Мне кажется, что Олеша действительно изобрёл новый жанр и не захотел тиражировать старый. То, что его современникам казалось творческим молчанием, было такой целомудренной, аскетической, почти монашеской, несмотря на алкоголизм, формой работы. Мне кажется, что писатель замолкает тогда, когда он чувствует, что не может больше сказать нового — не вообще ничего, а нового. И это особая форма целомудрия. Я поэтому, понимаете, с таким пылом ожидаю всё-таки сэлинджеровских публикаций. Я очень хочу увидеть, что он там понаписал.

«В педвузах из педагогики создают некий культ. А ведь такой науки не существует. Ваше мнение».

Послушайте, ну конечно, существует. Ну, о чём мы говорим? Разумеется, педагогика — это наука со своими законами. А опровергают её только те, кто вообще её не знает. Понимаете, это примерно, как Гитлер (простите за аналогию) утверждал, что высшая математики и физика — это еврейская наука, которая не имеет под собой никакого материального фундамента. Нет, педагогика — это вполне правильная вещь.

«Как эффективно бороться с закостенелостью? Уйти в странничество, может быть?»

Ну, видите, вопрос ваш, конечно, сформулирован так, что фиг ответишь.
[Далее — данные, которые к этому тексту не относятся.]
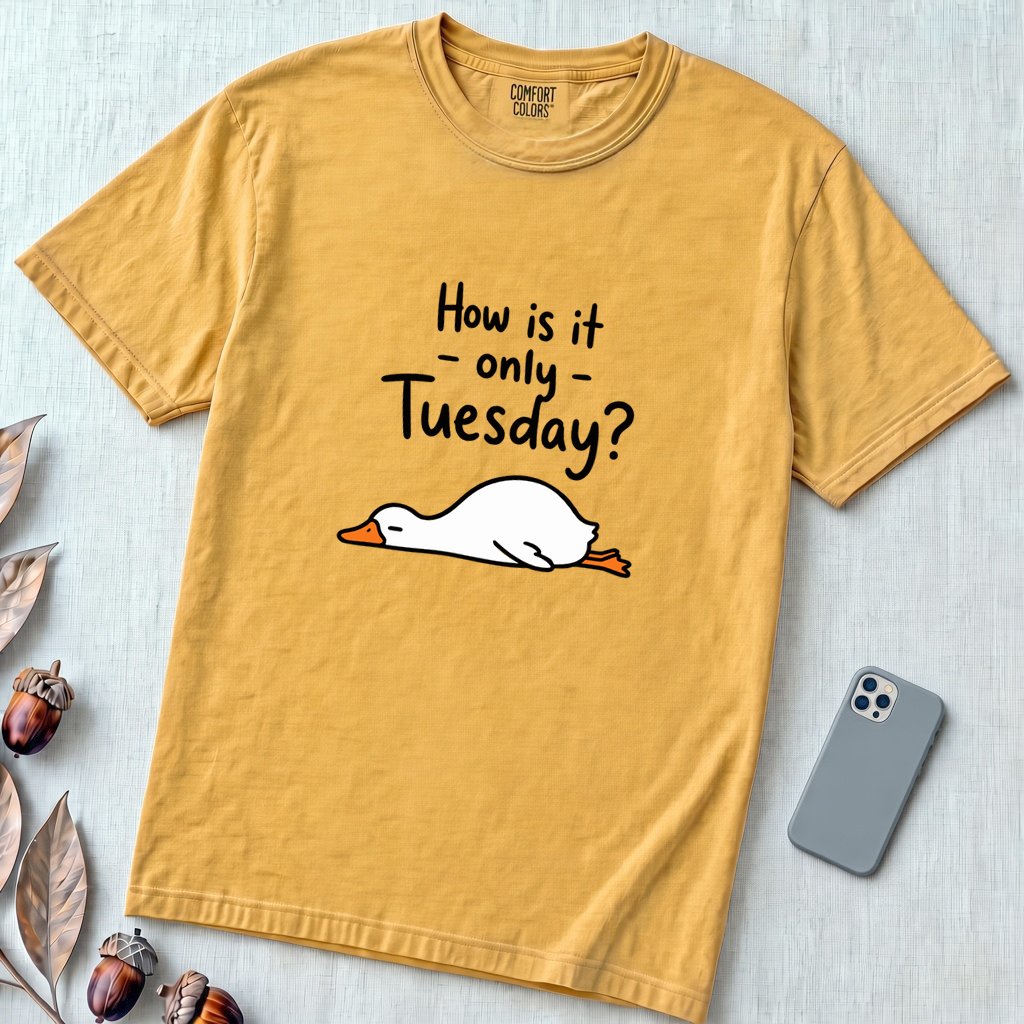 How Is It Only Tuesday? Goose Burnout T-Shirt - Mustard unfolded t-shirt mockup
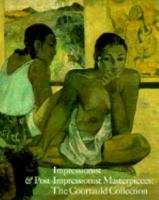 Impressionist and Post-Impressionist Masterpieces : The Courtauld Collection 0300038917 Book Cover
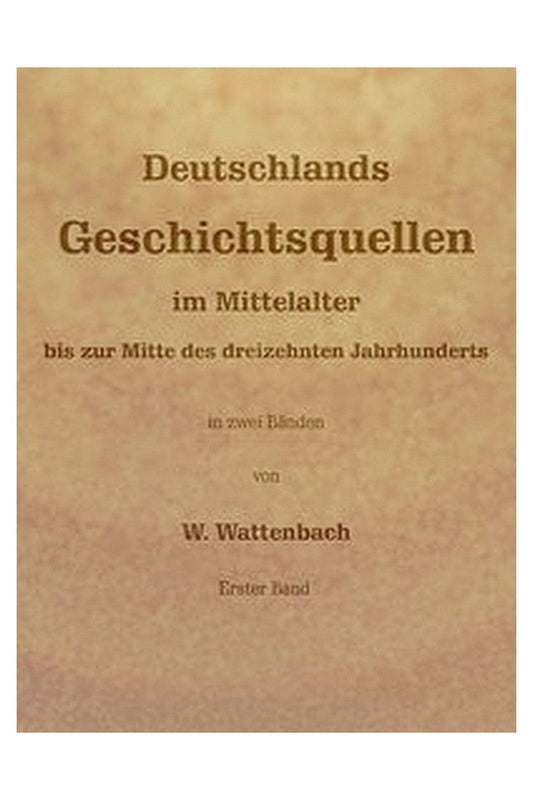 Deutschlands Geschichtsquellen im Mittelalter bis zur Mitte des dreizehnten Jahrhunderts, Erster Band (von 2)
Что вы понимаете под закостенелостью? Вероятно то, что вы перестали расти и развиваться, и вам надо что-то менять. Знаете, я в этом смысле не то чтобы фаталист, но я хочу, чтобы человек не взваливал на себя слишком много. Надо иногда, понимаете, всё-таки доверять судьбе. Судьба — она сама вас поставит туда, куда надо. Ну, если не хотите Богу, если вы атеист, доверяйте судьбе, доверяйте ходу вещей. Человек не может себя изменить, как не может медный таз сам себя сбросить с полки или вообразить себя пластмассовым. Это такие вещи тоже…

Не следует себя менять, если вы не чувствуете в себе, конечно, каких-то маньяческих потенций. Человек создан таким, чтобы он таким был, зачем-то он нужен. Где родился — там и пригодился. Поэтому слишком резко менять свою биографию, настраивать себя на странничество, на иночество, на подвиг, на аскезу — ну, зачем? Мне кажется, что надо дорожить в себе какой-то органикой роста. Вот как растёт дерево? Понимаете, оно же не подставляется нарочно под бурю, чтобы его любой ценой искривило или сломало. Нет конечно. Доверяйте тому, что есть — и всё пойдёт.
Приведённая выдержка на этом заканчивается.